*** Records shown Section Begins ***

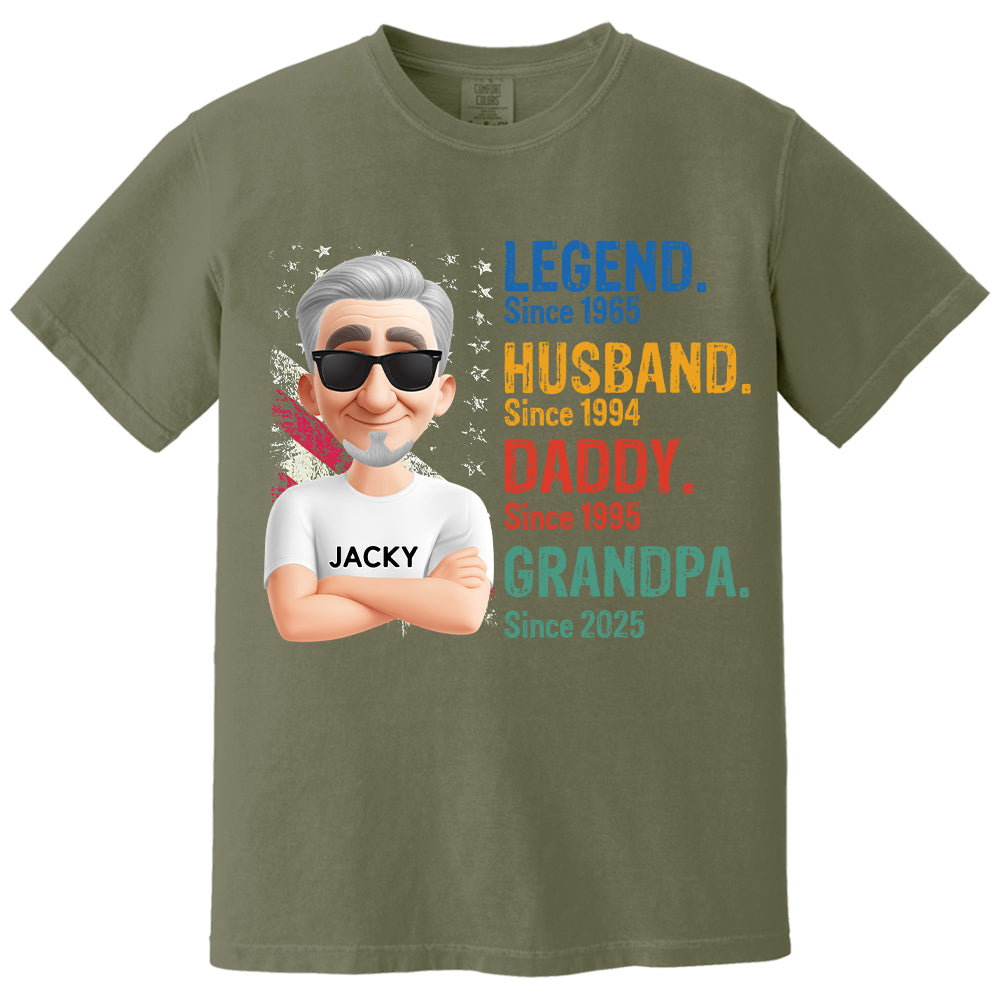 Legend Husband Daddy Granpa - Personalized Coolest Shirt For Dad Grandpa NA04 Tu20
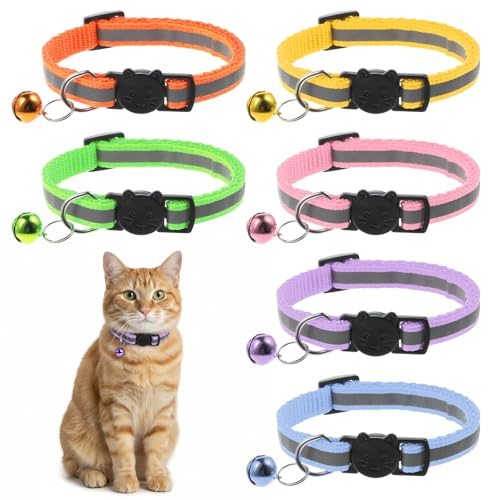 TIESOME 6 stycken reflekterande katthalsband, katthalsband med snabbkoppling, katthalsband med klockor justerbar 20–32 cm för valpar små hundar och katter halsband katt för utomhusbruk inomhus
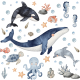 Wallstickers Sjødyr - 54pk – ØKO Veggklistremerker Barnerom - Blekksprut, Delfin, Hval
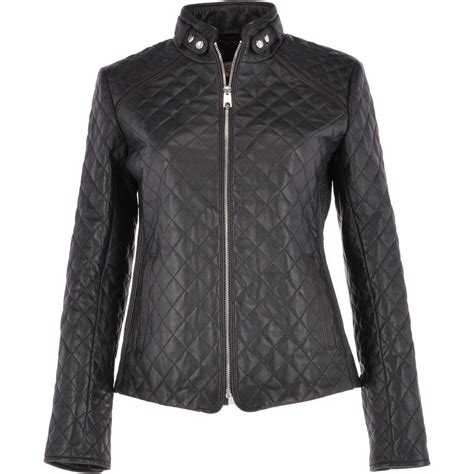 Diamond Quilted Leather Biker Jacket Black Kinsley Ladies From Leather Company Uk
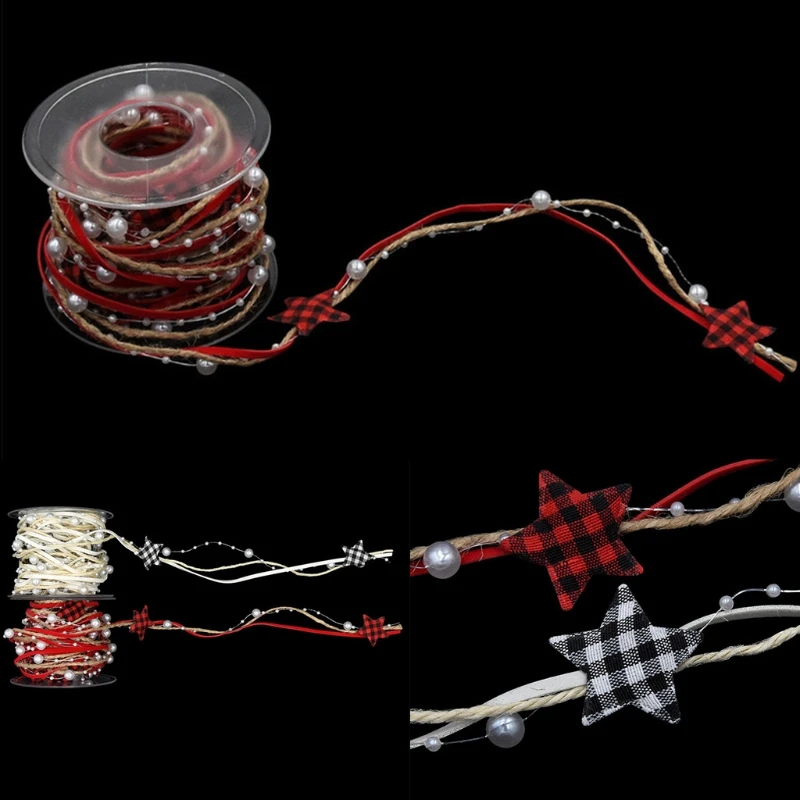 Star Trim Ribbon Polyester Craft Ribbon for Crafts Wraping Gifts Party Holiday Christmas Bead Ribbon Trim String Chain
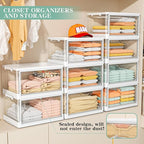 Kmiectse Clear Storage Bins with Lids - 4 Tier Plastic Bins with Wheels, Stackable Storage Bin, Closet Organizers Box for Bedroom, Living Room, 23 QT Folding Box with Magnetic door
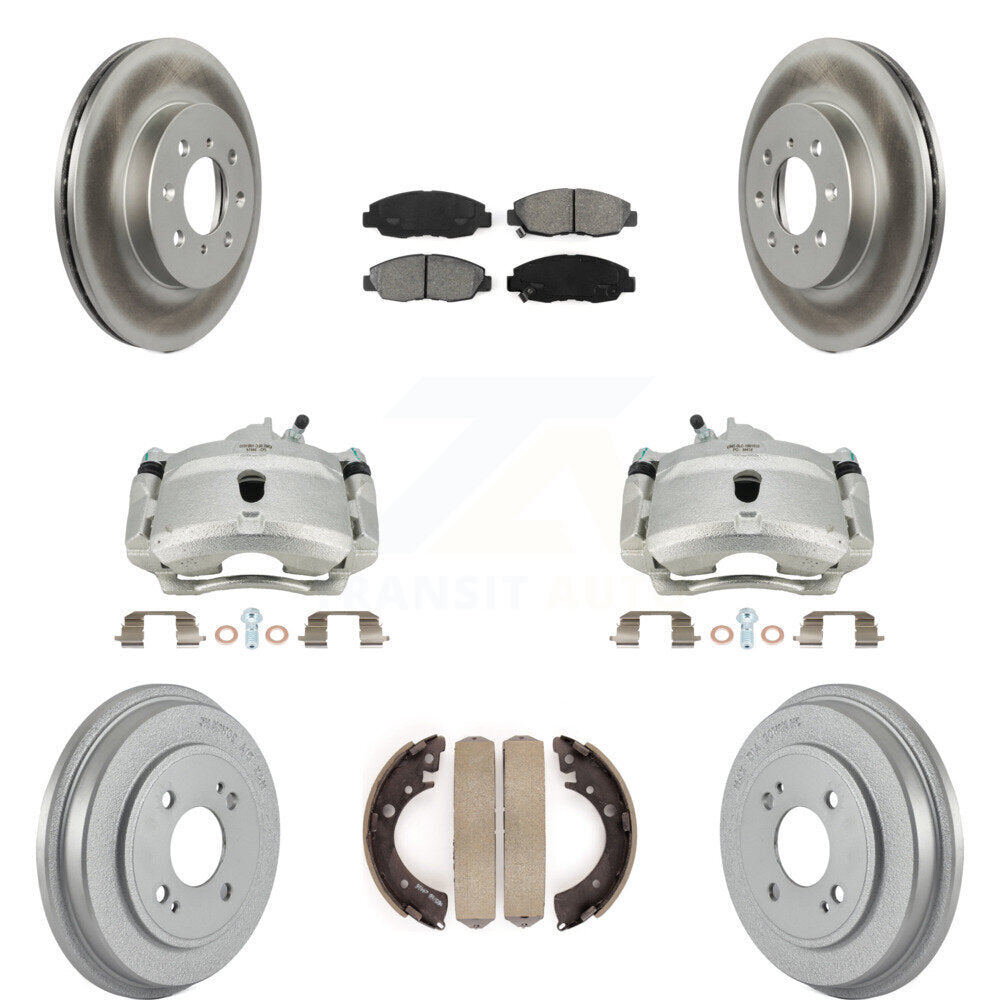 Front Rear Disc Brake Caliper Coated Rotors Drums Semi-Metallic Pads Kit (8Pc) For Honda Civic KCG-100393S by Transit Auto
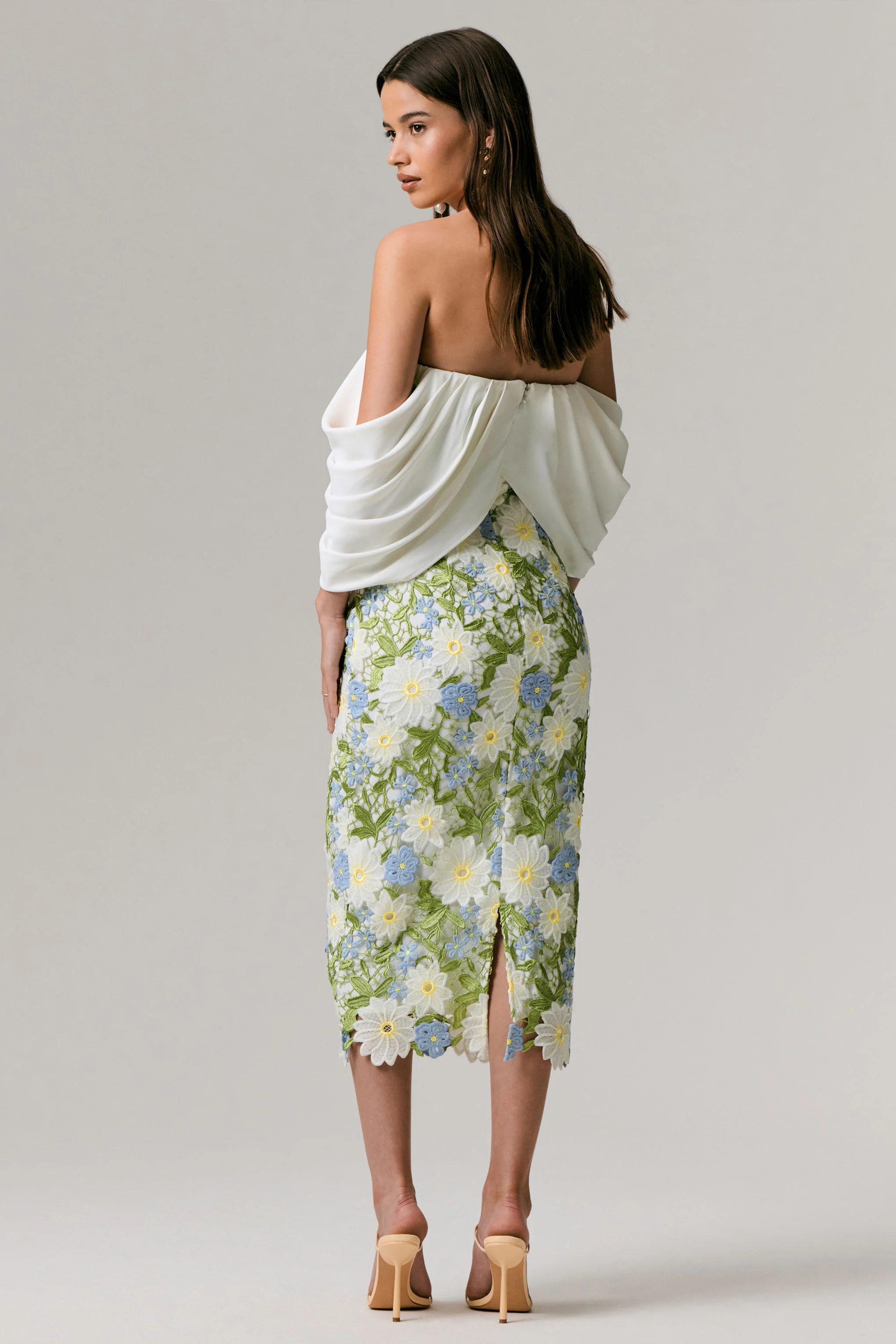 Entitled | Cream Floral Lace Bardot Midi Dress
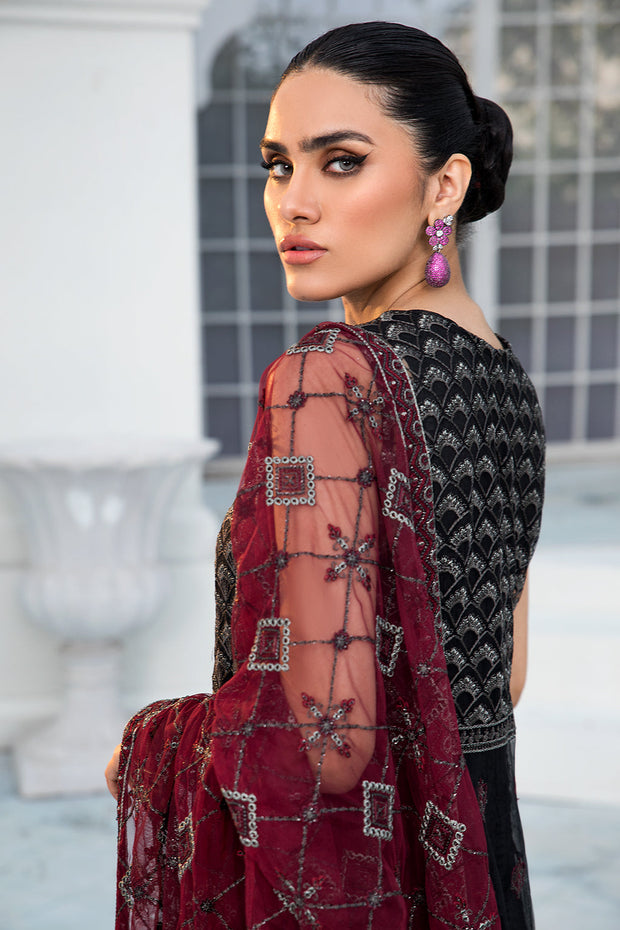 Black Pakistani Frock with Maroon Contrast Party Wear 2023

*** Records shown Section Ends ***

__Task to complete__
Write the entries out in full and exactly, omitting every picture.

__Task result__
 Legend Husband Daddy Granpa - Personalized Coolest Shirt For Dad Grandpa NA04 Tu20
 TIESOME 6 stycken reflekterande katthalsband, katthalsband med snabbkoppling, katthalsband med klockor justerbar 20–32 cm för valpar små hundar och katter halsband katt för utomhusbruk inomhus
 Wallstickers Sjødyr - 54pk – ØKO Veggklistremerker Barnerom - Blekksprut, Delfin, Hval
 Diamond Quilted Leather Biker Jacket Black Kinsley Ladies From Leather Company Uk
 Star Trim Ribbon Polyester Craft Ribbon for Crafts Wraping Gifts Party Holiday Christmas Bead Ribbon Trim String Chain
 Kmiectse Clear Storage Bins with Lids - 4 Tier Plastic Bins with Wheels, Stackable Storage Bin, Closet Organizers Box for Bedroom, Living Room, 23 QT Folding Box with Magnetic door
 Front Rear Disc Brake Caliper Coated Rotors Drums Semi-Metallic Pads Kit (8Pc) For Honda Civic KCG-100393S by Transit Auto
 Entitled | Cream Floral Lace Bardot Midi Dress
 Black Pakistani Frock with Maroon Contrast Party Wear 2023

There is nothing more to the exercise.